The manager of Bojangles Guitars, a low cost keyboard manufacturer, is considering 2 options for manufacturing guitars. One is a completely manual system where the fixed costs of operating the workshop for a month total $2,500. Each guitar requires materials which cost $5 and takes one employee two hours to make. Employees are paid $15 an hour.
The other option is to rent a machine to assist in the production of the guitars. Doing so would increase the total fixed costs of operating the workshop for a month to $5,000. Using the machine would also reduce the employee labour time to one hour per guitar. Employees would still be paid $15 an hour. The material costs would remain the same.
The guitars are sold to a wholesaler for $45 each. Expected sales are 600 guitars per month. Using cost volume profit analysis to inform your decision which option would provide the highest monthly profit? (Provide your workings)

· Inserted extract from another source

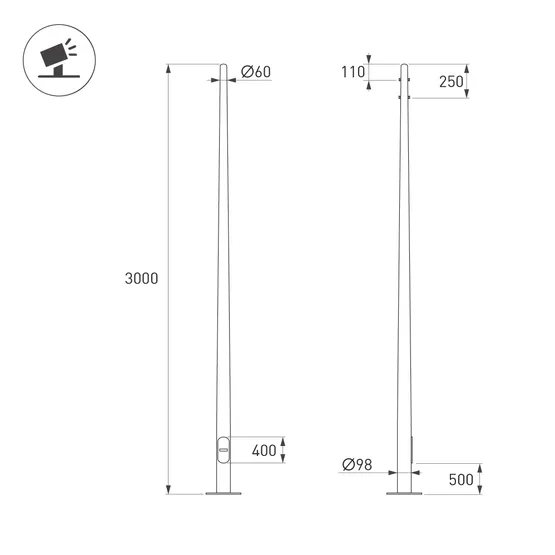 Фото #2 товара Опора фланцевая OXOR-OK-D60-L3000 (BK) (Arlight, Сталь)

Option1 (Completely manual system )
Particulars | Amount |
Sale (600*45) | $27,000 |
Less: Direct Material (600*5) | ($3,000) |
Less: Direct Labour (600*15* 2 hours) | ($18,000) |
Fixed Cost | ($2,500) |
Profit | $3,500 |
Option2 (Rent a machine)
Particulars | Amount |
Sale (600*45) | $27,000 |
Less: Direct Material (600*5) | ($3,000) |
Less: Direct Labour (600*15* 1 hours) | ($9,000) |
Fixed Cost | ($5,000) |
Profit | $10,000 |
Option 2 (i.e. rent a machine to assist in the production of the guitars) is more profitable.